As described in Nigeria (Ndiana et al. 2021), the CPV-2a strain displayed the Ala-297 substitution, typical of viruses that have been designated as ‘‘new CPV-2a’’ (Decaro and Buonavoglia 2012; Hu et al. 2020). The comparison with available CPV-2 sequences highlighted a close relationship of all considered strains with Chinese ones. A strong economic connection has been developing between Ethiopia and China, with several Chinese businessmen travelling between the two countries or moving to Ethiopia, sometimes along with their pets (Cabestan 2012; Cook et al. 2016). A consistent epidemiological link can thus be expected and explained. Nevertheless, because of the limited data availability, particularly from Africa, other sources of viral introduction and spreading patterns cannot be excluded. In fact, variants with a certain genetic relationship were also detected in other Asian countries but also in African ones and CPV-2 is well known to have experienced a remarkable spreading over time involving different migration paths (Tucciarone et al. 2018; Mira et al. 2019; Balboni et al. 2021). If these or other countries played a role in the viral introduction to Ethiopia or simply shared a common importation source will require further investigations (Tucciarone et al. 2018; Ogbu et al. 2020; Balboni et al. 2021). The complete genome sequencing, instead of the VP2 only, could also allow a better discrimination of the viral migration paths. The strain clustering has sometimes been reported to slightly differ between complete genome and VP2-based analysis, potentially due to intergenic recombination events or convergent evolution masking the actual phylogenetic relationships. Therefore, although VP2-based analysis can be considered a good approximation of viral history and migration, it more formally represents a reconstruction of the gene flow and evolution over time and should thus be critically interpreted.

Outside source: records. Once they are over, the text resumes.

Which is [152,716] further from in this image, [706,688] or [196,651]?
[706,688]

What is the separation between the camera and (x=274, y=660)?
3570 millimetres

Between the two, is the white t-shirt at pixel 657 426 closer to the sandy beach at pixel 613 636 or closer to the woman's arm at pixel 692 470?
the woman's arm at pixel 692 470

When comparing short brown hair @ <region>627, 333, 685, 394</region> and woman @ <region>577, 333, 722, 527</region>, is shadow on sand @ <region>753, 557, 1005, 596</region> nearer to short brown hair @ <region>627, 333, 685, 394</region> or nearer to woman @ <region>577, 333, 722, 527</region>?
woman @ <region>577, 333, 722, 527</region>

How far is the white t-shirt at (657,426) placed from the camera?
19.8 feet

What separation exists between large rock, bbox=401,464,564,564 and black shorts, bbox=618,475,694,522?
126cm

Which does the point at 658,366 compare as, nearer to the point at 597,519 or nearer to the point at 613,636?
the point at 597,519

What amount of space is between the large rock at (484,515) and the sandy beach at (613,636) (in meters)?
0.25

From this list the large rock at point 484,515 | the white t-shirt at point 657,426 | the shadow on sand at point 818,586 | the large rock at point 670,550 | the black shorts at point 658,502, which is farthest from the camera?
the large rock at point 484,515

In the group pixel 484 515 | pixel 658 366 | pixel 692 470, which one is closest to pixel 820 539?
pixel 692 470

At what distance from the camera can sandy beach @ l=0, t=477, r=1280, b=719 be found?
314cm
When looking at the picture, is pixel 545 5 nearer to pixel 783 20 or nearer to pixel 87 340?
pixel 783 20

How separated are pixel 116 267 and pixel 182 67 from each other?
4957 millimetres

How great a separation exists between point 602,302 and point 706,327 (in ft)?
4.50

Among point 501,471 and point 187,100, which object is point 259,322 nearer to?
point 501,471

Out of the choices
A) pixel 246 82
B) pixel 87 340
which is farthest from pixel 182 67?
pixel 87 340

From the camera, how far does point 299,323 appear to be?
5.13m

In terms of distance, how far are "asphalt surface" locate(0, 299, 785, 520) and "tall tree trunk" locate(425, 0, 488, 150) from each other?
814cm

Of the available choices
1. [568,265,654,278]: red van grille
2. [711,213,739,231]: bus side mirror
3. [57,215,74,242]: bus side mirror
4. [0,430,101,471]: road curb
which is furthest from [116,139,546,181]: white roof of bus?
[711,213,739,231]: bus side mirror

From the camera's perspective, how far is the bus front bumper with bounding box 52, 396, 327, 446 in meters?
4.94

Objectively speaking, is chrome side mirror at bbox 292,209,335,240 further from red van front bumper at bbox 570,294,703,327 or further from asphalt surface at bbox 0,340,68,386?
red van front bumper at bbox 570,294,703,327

Considering the clinical relevance of CPV-2 infection and the risk it poses to local domestic and wild carnivore populations, especially endangered ones, much stronger monitoring and surveillance activity on foreign incoming animals should be performed. More strict constraints on animal introduction, e.g. compulsory vaccination, should also be considered. While a clear association between antigenic variants and clinical and epidemiological relevance is still debated, some evidence suggests an association between strain genetic features and virulence (Franzo et al. 2019). Therefore, more intense monitoring of CPV-2 characterization from a molecular/antigenic perspective, as well as the comparison among different countries over time should be performed.

In this sense, further studies would be of interest to investigate the occurrence of CPV-2 infection in wild animals and their relationship with local and foreign strains.